By ten thousand years ago, woolly mammoths had gone extinct from mainland Asia and North America. But a population of island-dwelling mammoths survived on a remnant piece of land once part of the Bering Strait land bridge.

UW geography professor Jack Williams and graduate student Yue Wang MS’13 contributed to a new study that provides clear evidence of the mammoth extinction on tiny St. Paul Island around 5,600 years ago. A lack of freshwater and changing environmental conditions, including rising seas, drove the demise. The researchers say the findings have implications for low-lying islands, and the people and animals that live on them today.

“I can’t think of any other case where freshwater availability was the driver of extinction,” says Williams, who is also director of the UW’s Center for Climatic Research. “On small oceanic islands, freshwater can be a limited resource.”

Williams and collaborators from across the United States rode snowmobiles to one of the few sources of freshwater on the island off the coast of Alaska, a crater lake surrounded on three sides by steep rock walls.
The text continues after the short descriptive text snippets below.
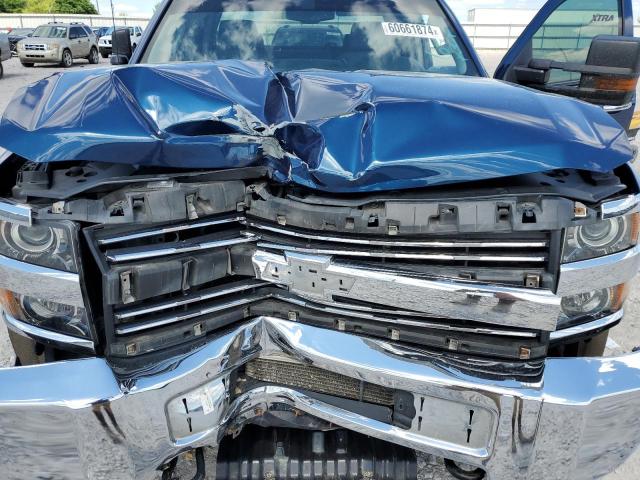 Photo 11 from auction – 2016 CHEVROLET 1500 with VIN 1GC2KUEG3GZ334593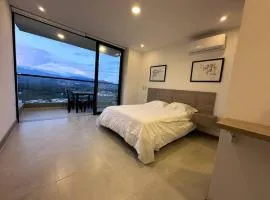 Estudio con increíble vista - Pance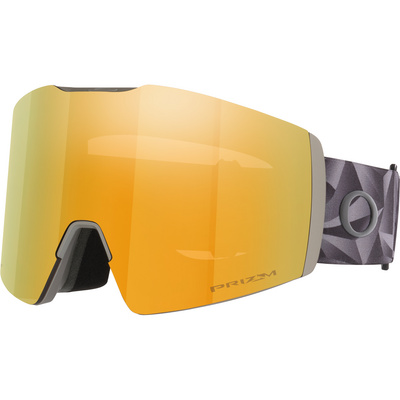 Oakley Fall Line XL Prizm Skibril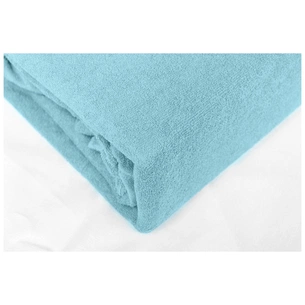 Простирадло MirSon на гумці 19-310 Tendril 150х190x25 см (2200002891899) зображення 1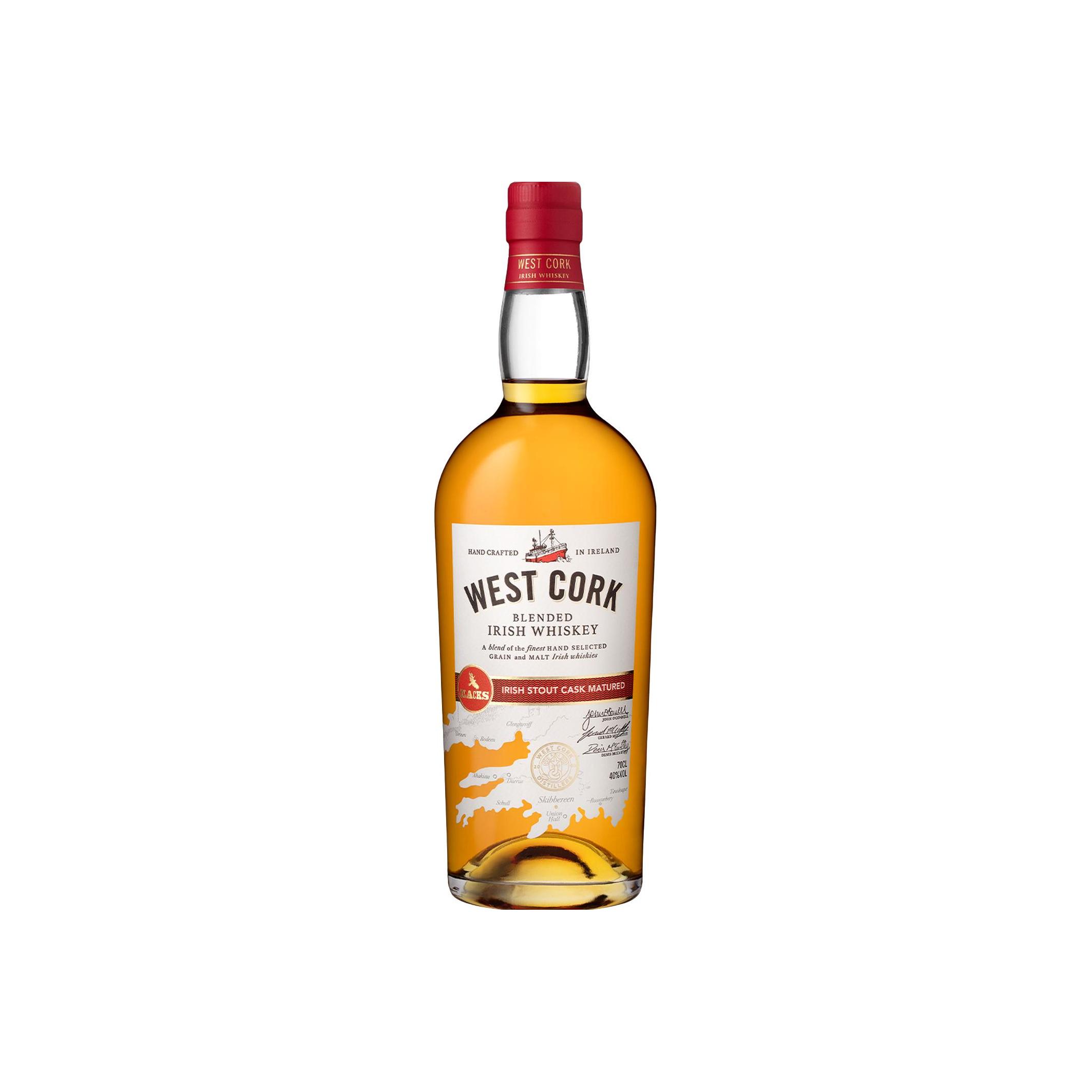 West Cork Blended Whisky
The scientists drilled through the frozen lake surface and took samples of sediments beneath the lake floor, which provided snapshots of the environment through time.

The UW researchers focused on the island’s vegetation and ruled out changes to their food sources as contributors to the mammoths’ extinction. However, sediment cores showed mammoths likely stripped the area around the lake of vegetation, potentially speeding up erosion and harming water quality.